I’m not disagreeing with your claim that substandard bike infrastructure is being built, I’m saying that it’s *always* being built by *everyone.* The only conspiracy here is the unspoken, undeniable consensus among almost everyone in the United States that safe/convenient bike transportation is less important than safe/convenient transportation by other modes. That’s often stupid, but it’s the case.
“…bike transportation is less important than safe/convenient transportation by other modes. …” andersen
In our area and across the nation, for many decades, that has been the prevailing thought among the public, it seems to me.
Thoughts on the part of the public about this could possibly change, and considering relative increases over the years, in receptiveness to improved bike infrastructure, may have be changing. Still, investment in infrastructure for safe, practical travel by bike, continues to be something the public generally considers to be a low priority compared to infrastructure provided for motor vehicle travel.

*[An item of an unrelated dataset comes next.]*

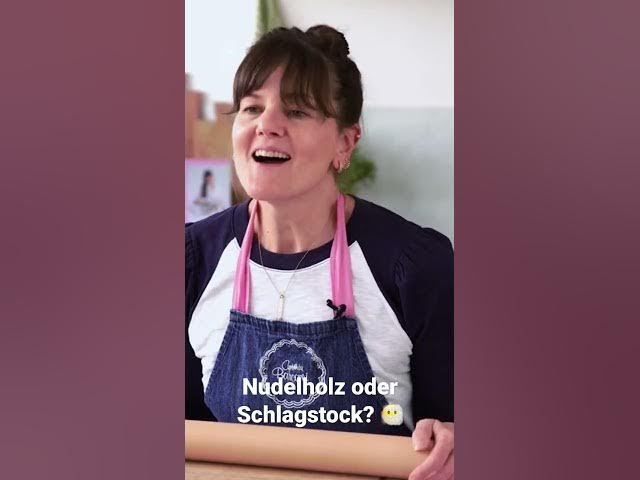 'Video thumbnail for Nudelholz-Debakel am Flughafen mit Cynthia Barcomi #shorts'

Big question, and challenge, is what to present before the public that will persuade them that dramatic investment in superior infrastructure for practical travel by bike, is important and worthwhile, even for the vast majority of road users that drive.

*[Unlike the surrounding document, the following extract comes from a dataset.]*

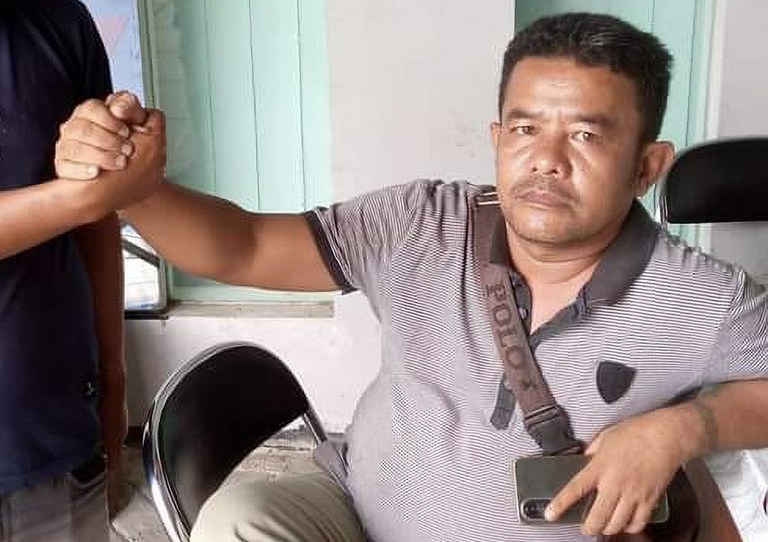 08-ID-reporter-inside-facebook.jpg 08-ID-reporter-inside-facebook.jpg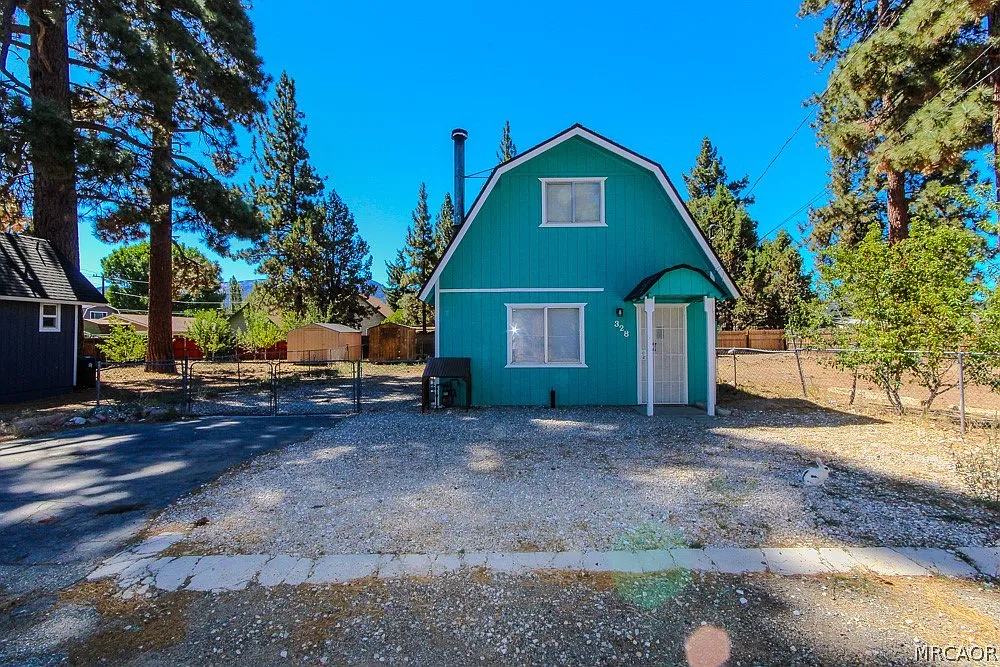 2 bed, 1.0 bath, 840 sqft, $1,800 — Photo 1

The Ankeny and Tillamook bike boulevards do a great job of limiting auto traffic while making biking comfortable.
The Going bike boulevard also does a good job of this, plus I like the way they handled the jog that Going takes on 33rd.
The Broadway cycle track is pretty great.
TriMet ALWAYS messes up the bike infrastructure they get involved in. I can’t understand why on earth you would defend them.
Thanks, Endo. I do appreciate your perspective, and I’m not defending these gates. I’m just saying that, unfortunately, no conspiracy is necessary to explain them.
there have been a lot of complaints about cars on Ankeny lately…
and I was just on Going… yes, there aren’t many cars, but it’s likely because it’s a confusing maze that nobody would intentionally go through, including me on my bike… I got lost trying to follow the bike route and gave up and went onto the bigger busy car streets…
Ankeny and Going are not good examples of bike infrastructure…
We just had a thread arguing about the Sellwood Bridge, where many expressed the opinion it wasn’t substandard. I didn’t express an opinion there, but it may answer your question.
the Sellwood is a great example of recent construction with no mode protection… another status quo facility…
>The only conspiracy here is the unspoken, undeniable consensus among almost everyone in the United States that safe/convenient bike transportation is less important than safe/convenient transportation by other modes.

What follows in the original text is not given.